Ongevallen

Tijdens de periode waarin het vliegtuig in gebruik was zijn diverse vliegtuigen verloren gegaan tijdens ongevallen:

Op 7-8-1953 wordt een rechterbocht gemaakt waarbij met de vleugeltip een strobaal wordt geraakt. Het vliegtuig met registratienummer A-31 verongelukt, de vlieger is tijdens het ongeval dodelijk verongelukt, de passagier raakte licht gewond.

Op 26-6-1959 sloeg de motor van de R-101, vermoedelijk omdat de carburatorverwarming niet was aangezet, af waarbij de vlieger de controle over het vliegtuig verloor. Het vliegtuig is in de omgeving van Varsseveld verongelukt waarbij beide inzittende om het leven kwamen.

Op 4-6-1961 sloeg de motor van de R-128 af als gevolg van ijsvorming. Het vliegtuig werd daarbij onbestuurbaar en is als gevolg daarvan verongelukt. De vlieger kwam daarbij om het leven, de legerluchtwaarnemer raakte zwaar verwond.

Op 21-8-1962 raakte de R-129 overtrokken en kwam in een linker tolvlucht.
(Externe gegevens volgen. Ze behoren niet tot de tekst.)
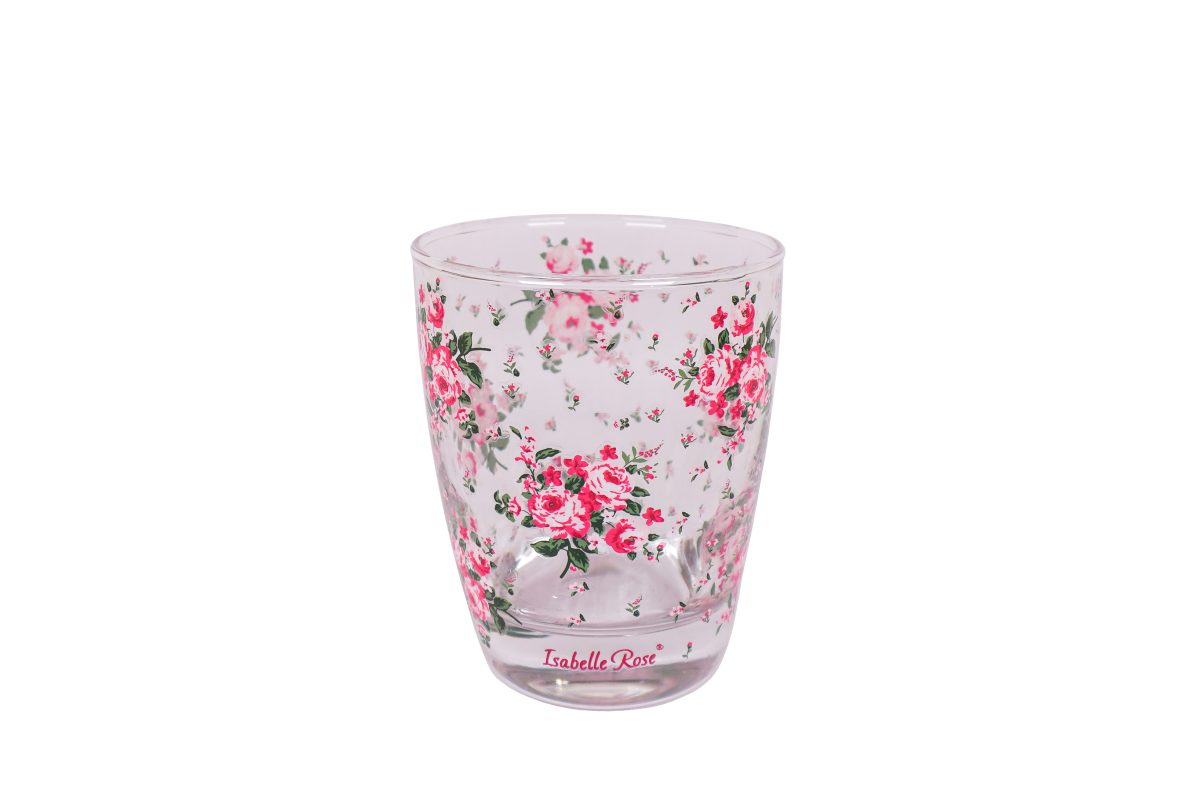 Set 6 bicchieri acqua con stampa fiorellini - Linea Bella - 260 ml - Isabelle Rose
Herstel was niet mogelijk en het vliegtuig verongelukt waarbij beide inzittenden om het leven kwamen.

Op 27-9-1965 raakte de R-123 na een steile bocht overtrokken en verongelukte in de omgeving van Ermelo waarbij beide inzittenden om het leven kwamen.

Op 10-6-1969 raakte de R-181 overtrokken en is in de omgeving van Wenum verongelukt. De vlieger en de legerluchtwaarnemer kwamen daarbij om het leven.

Op 20-7-1969 werd tijdens de start met de R-118 vol klappen geselecteerd  waarbij het vliegtuig overtrok (stall) en onbestuurbaar raakte. Het vliegtuig verongelukte op de vliegbasis waarbij beide inzittenden om het leven kwamen.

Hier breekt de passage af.